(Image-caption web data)
□ □ □

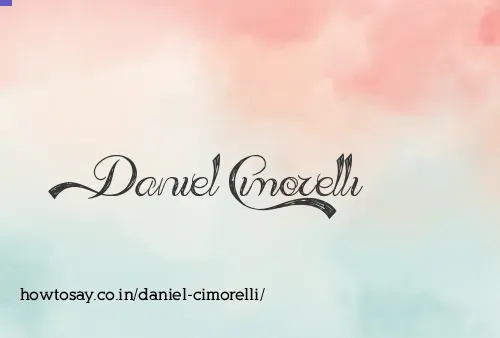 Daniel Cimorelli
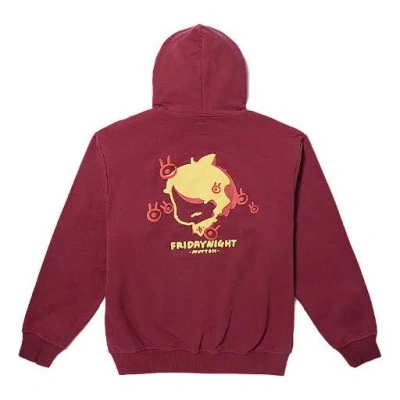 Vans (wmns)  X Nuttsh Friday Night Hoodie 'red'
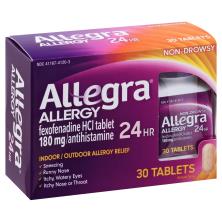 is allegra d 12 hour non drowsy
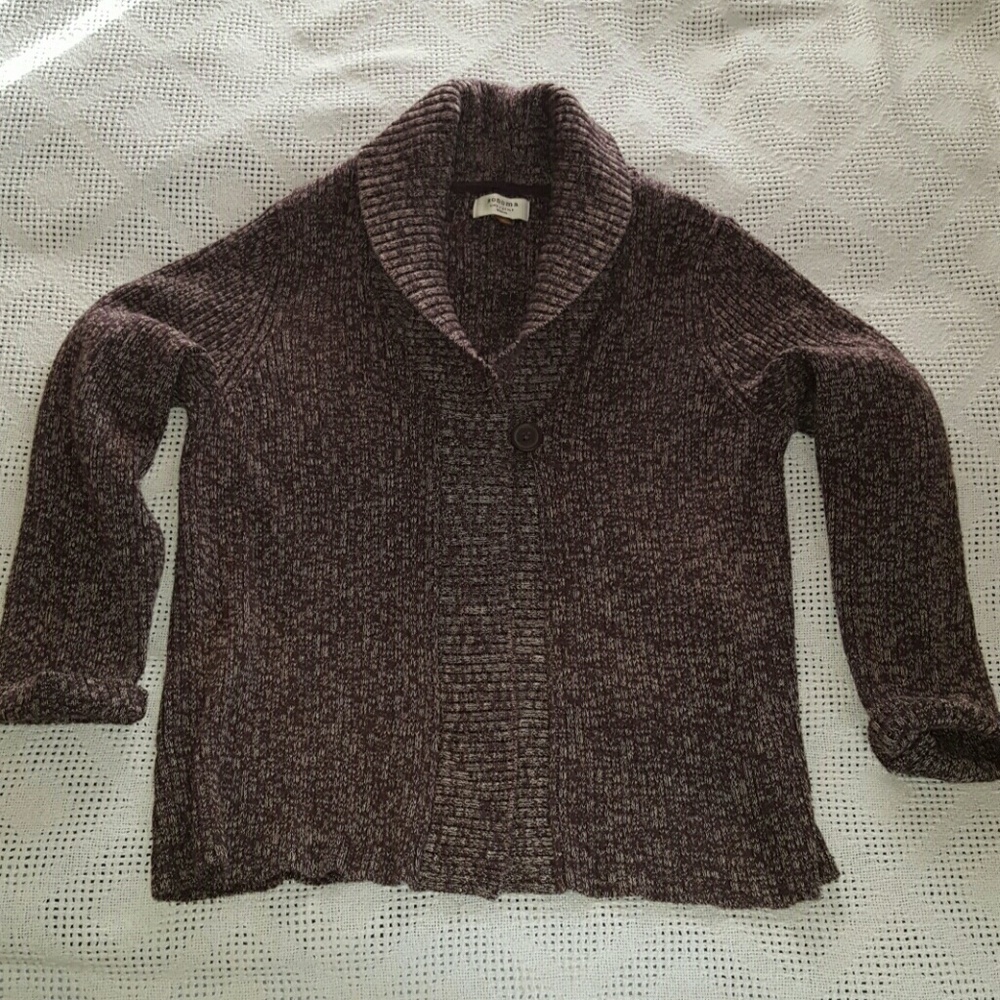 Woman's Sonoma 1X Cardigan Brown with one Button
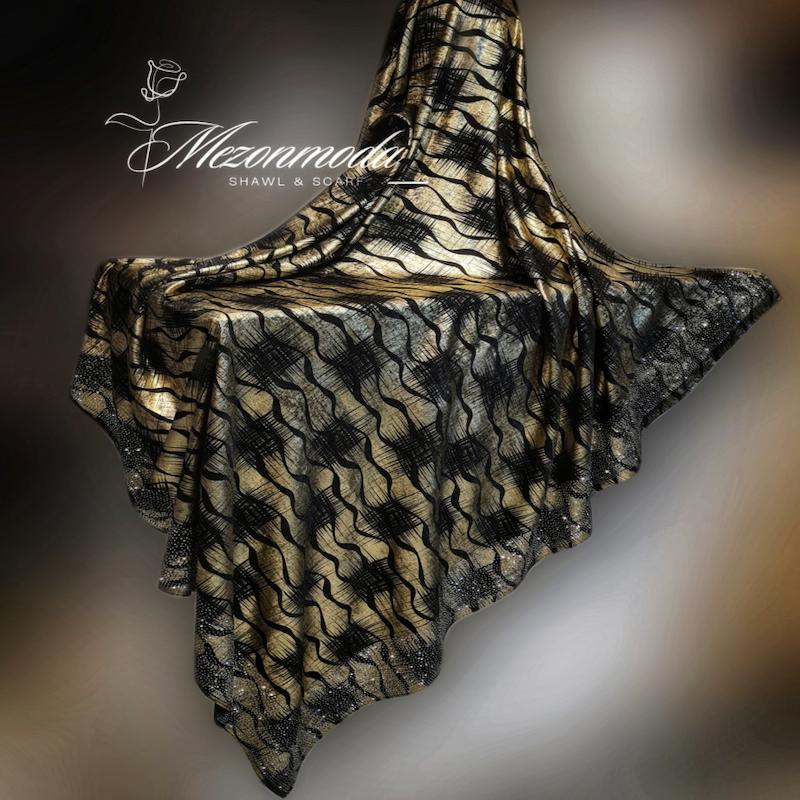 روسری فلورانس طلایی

□ □ □

__EXERCISE OBJECTIVE__
Without the pictures, retype exactly the lines from the one that holds "Night Hoodie 'red'" to the last line of the data above, both of them included.

__RESULT FOR THIS TASK__
 Vans (wmns)  X Nuttsh Friday Night Hoodie 'red'
 is allegra d 12 hour non drowsy
 Woman's Sonoma 1X Cardigan Brown with one Button
 روسری فلورانس طلایی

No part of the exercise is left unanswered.